> **Instructions for the task**:
In the records below, find the line containing "ZIMMERMANN Kaleidoscope Belted" and the line containing "Size: 3 (8-10)". Give again exactly those lines and every line between them, omitting the pictures.

> **Data for the task**:
**********

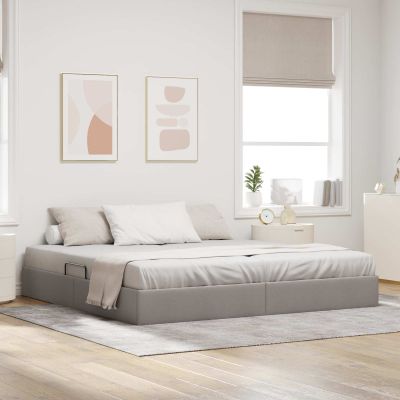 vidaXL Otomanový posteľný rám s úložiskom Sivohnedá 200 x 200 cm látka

**********

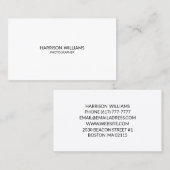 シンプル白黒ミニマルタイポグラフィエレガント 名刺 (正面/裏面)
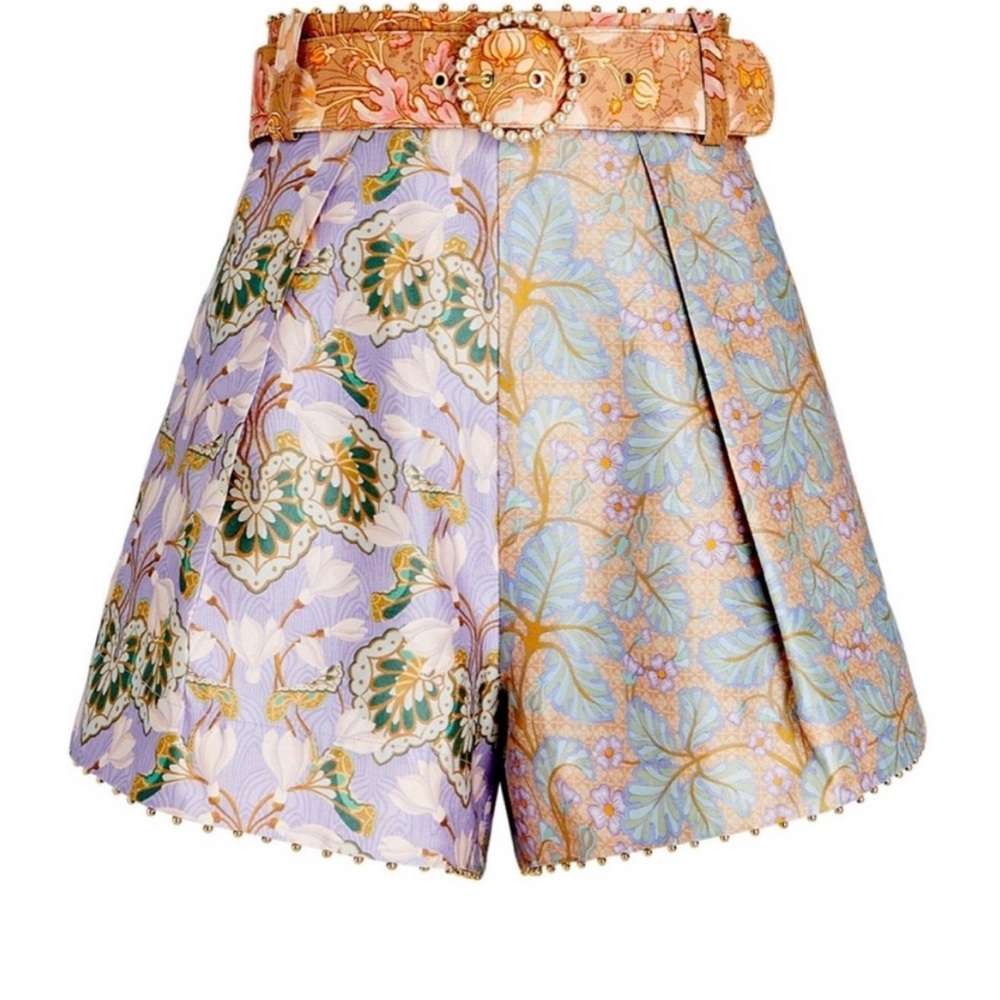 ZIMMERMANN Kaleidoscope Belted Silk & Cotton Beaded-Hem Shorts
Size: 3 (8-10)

**********

> **Solution to this problem**:
 ZIMMERMANN Kaleidoscope Belted Silk & Cotton Beaded-Hem Shorts
Size: 3 (8-10)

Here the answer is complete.